I began my day at Wild Strawberry Café on the main square. It was filled with busy chatter over coffee and pastries. Here, theories percolated over what makes Woodbridge so content. One suggestion was that, sandwiched between the A12 and the River Deben, it has limited space to expand, meaning it has retained a sense of community. Time and again, though, it seemed to be its people – public-spirited, neighbourly, proud of their town – that make the difference.
Woodbridge feels self-sufficient, yet there’s also little countryside between here and Suffolk’s County Town, Ipswich (15 minutes by rail). Indeed, the smaller town feels like it’s Ipswich’s most gentrified suburb, home to its best shops, cafés and restaurants.
Long-time Woodbridge residents co-exist happily with an ever-replenishing cohort of youngish people.
Among the first wave of London escapees was Sam Denny Hodson. She created New Street Market, a café and shop on Woodbridge’s New Street. It is set in the former stables of the Bull Inn and hosts pop-ups in its Canteen, including prix-fixe lunches from chef Robbie Grantham-Wise. Pop-up graduate Maria Elia now runs a popular supper club in her converted barn just outside Woodbridge, in the village of Clopton.
Another point of local pride is that, except for the Co-op, there are no large supermarkets within Woodbridge’s borders – but there is a smattering of independent shops and businesses. The market that sets up by the 16th century Shire Hall every Thursday morning sells fresh bread (from the Hullabaloo bakery in nearby Grundisburgh), flowers, fruit and veg, locally made cheeses and refills of spices, herbs and other household essentials from the “Cupboard Love” van.
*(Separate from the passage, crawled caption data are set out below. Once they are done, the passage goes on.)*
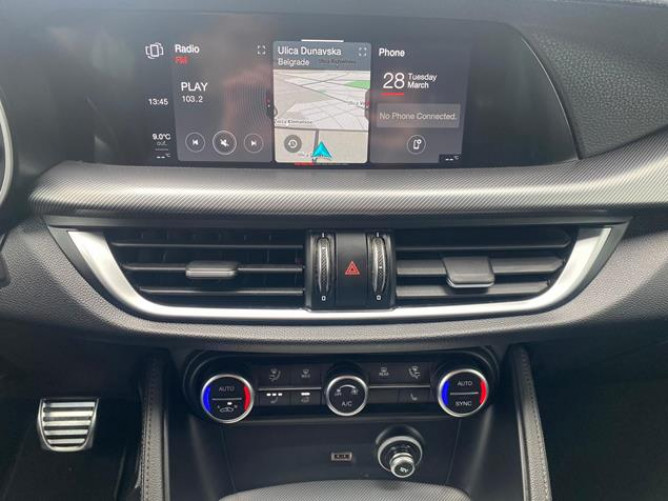Alfa Romeo Stelvio 2.0 Veloce Q4 AUT 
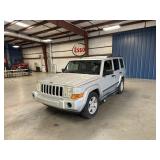 2006 Jeep COMMANDER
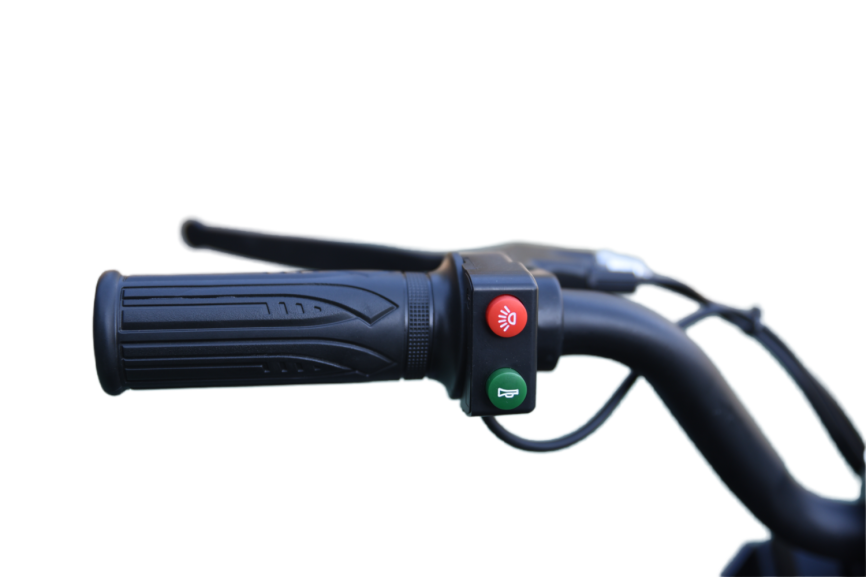 Электроквадроцикл Зимний Skyboard CyberTruck Sibir Kids 350W фото 14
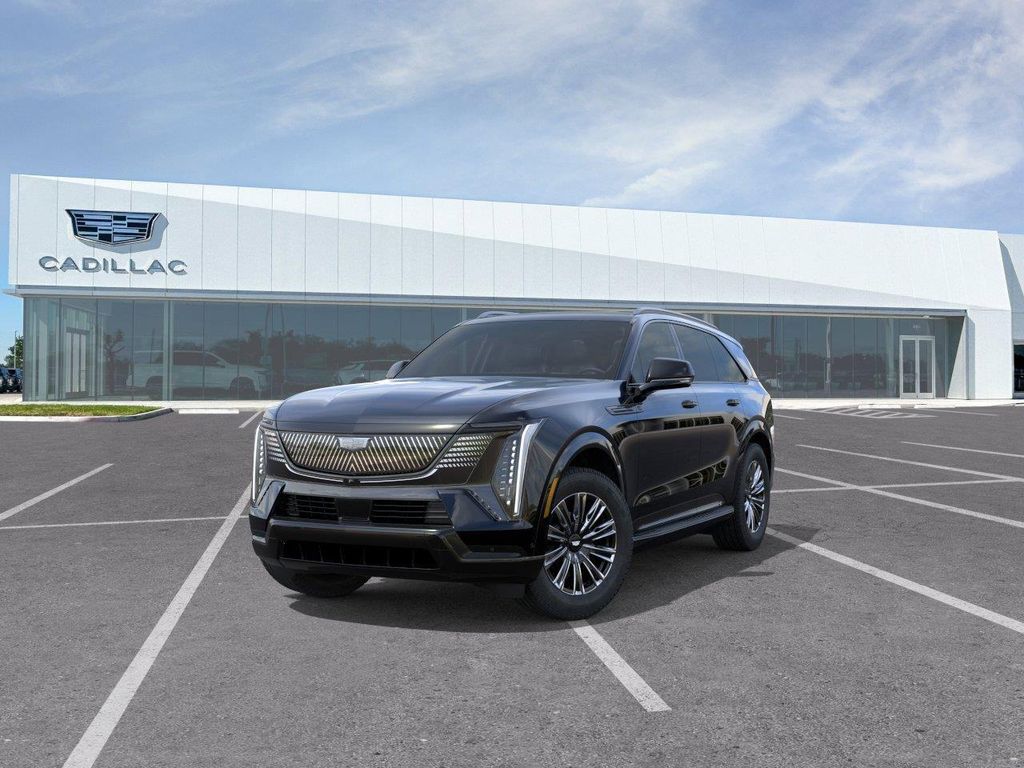 صورة 8 لـ 2026 Cadillac ESCALADE IQ SPORT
Other shops include Vanil, selling Scandinavian homewares, while opposite there’s a new branch of the Orford village baker and chocolatier, Pump Street Bakery.
Essen deli, on the main square, was opened a month ago by the landlady of The Dog at Grundisburgh. Others have survived for years, including The Galley Creamery & Deli, whose owner, Ugur Vata, sells homemade ice cream.
Otherwise, Woodbridge’s main shopping street – the pedestrianised Thoroughfare – has a mix of chain and indy stores, including Woodbridge Books.
The Thoroughfare also has a couple of cafés – Maeve’s Tea Room and Honey & Harvey. When the evening arrives, JJ’s Speakeasy serves wine and tapas, while Woodbridge Cumberland Fish Bar and Siggy’s Bar – just across Quay St – are a fish and chip shop and a bar next door.
Then there’s the river, which forms an almost separate district down by the railway station, an area full of boats, birds and glorious, watery views. For Woodbridge entrepreneur Stuart Saunders, the Deben makes the town special. On a sunny morning, gazing out from the windows of Tide Mill – one of only two working tide mills in the UK – it’s hard to disagree. Here, pop into Long Shed, where a replica of the burial ship from Sutton Hoo is being built.
Woodbridge Museum, next door, has finds relating to other Anglo-Saxon sites and displays recalling the Tudor mover and shaker Thomas Seckford, whose former house is now Woodbridge School.
During my visit, I begin to agree that Woodbridge has everything you’d want from a small town, including a cinema, which opened in 1915. Stuart Saunders is its custodian, and he combines the lure of silver screen with The Riverside Restaurant, which serves delicious and moderately priced lunch and dinner menus, and offers a “Movie & Meal” deal.
Immediately opposite, The Anchor is a terrific pub run by Vernon Blackmore, who used to oversee the quirky Captain’s Table just up the street. Culinary folk might also want to try the menu at The Unruly Pig, just outside town, which has a well-deserved reputation for high-end gastropub fare. I could go on, but you will just have to visit.